Roughly 150,000 UK businesses are not ready to keep exporting to the EU in the event of a no-deal Brexit, Mark Carney has said.
The Bank of England governor said the companies still did not have the necessary paperwork and while many had built up contingency stocks, these would only last “weeks”.
“Business will be reliant on what the governments are able to do in order to keep the ports open, the trade flowing,” he told the BBC’s Today programme.
Carney said the UK’s financial system would be resilient in the event of a no-deal Brexit, and that three-quarters of UK businesses have done as much as they can to prepare.
“But it doesn’t mean they are fully ready, in fact far from it,” he added.
Carney also rejected a claim by Tory leadership frontrunner Boris Johnson, who said the UK could secure a 10-year grace period to avoid paying EU trade tariffs after a no-deal Brexit.

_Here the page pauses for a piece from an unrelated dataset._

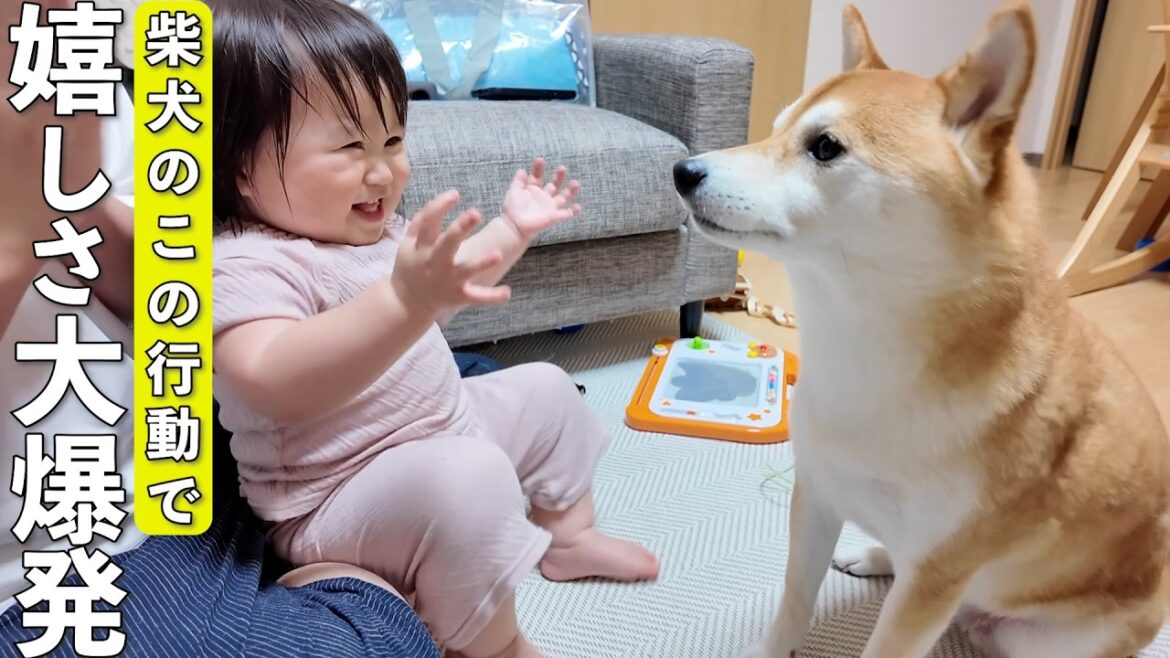 柴犬にちょっと優しくされただけで手を叩いて爆笑する1歳娘が可愛すぎた…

The Bank of England boss instead stated the return of trade tariffs on goods shipped to the EU would be “automatic”.
“We should be clear that not having an agreement with the European Union would mean that there are tariffs, automatically, because the Europeans have to apply the same rules to us as they apply to everyone else,” he said.
Carney last night spoke at the annual Mansion House bankers’ and merchants’ dinner in the City, in what was likely his last ever speech at the famous event.
The outgoing governor praised Facebook’s proposed global payments system and said the Bank will carry out a stress test on financial institutions to see how they would cope with a climate crisis.
But the speech was overshadowed by an incident in which Tory MP Mark Field appeared to grab a climate change protestor and forcibly eject her from the room.